Oh yes. Further, they wrote less books back then so it's easier to get an overview.

> Witches are worse than Jews, because Jews never claimed to be Christian. But witches were once Christian and then renounced the faith.

This is a fairly common argument. One Christian theologian, for example, argued that non-Christians from non-Christian countries should not be discriminated against while heretics should be. Likewise people who had immigrated or conquered were not supposed to be blamed for their faith in the same way as local converts. Islam actually codifies this: heretics or apostates go to hell while people who are simply not Muslim might still be righteous (though not as righteous as if they were Muslims). And Jewish apostates are poorly thought of while gentiles can be moral so long as they follow certain rules.

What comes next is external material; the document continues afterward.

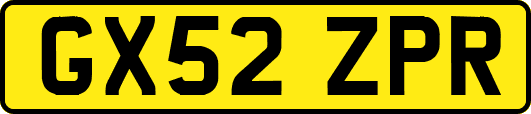 GX52ZPR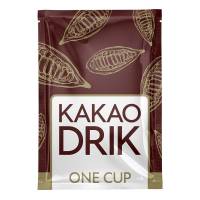 BKI kakaodrik varm 14% i breve med 22g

> Theory 1, Kramer made everything up. I don’t want to completely discount this. [...] Theory 2, Kramer is faithfully reporting a weird mass hallucination that had been going on long before he entered the picture.

Theory 3: Humans inherently make sense of the world by creating metaphysical phenomenon that have are meta-explanations with loose grounding in material reality and if you focus on these phenomenon, rather than the material reality underlying them, you will end up with coherent but false worldviews. Our ability to manifest these metaphysical phemomenon both allows us to organize beyond our social groups and is a function, perhaps a necessary one, of our ability to theorize and pattern match. Kramer had a series of true phenomenon such as cow murders and pattern matched them to a metaphysical theory about magic.

The idea that he was either lying or dealing with liars ignores there may have been a reality, even if a misunderstood one.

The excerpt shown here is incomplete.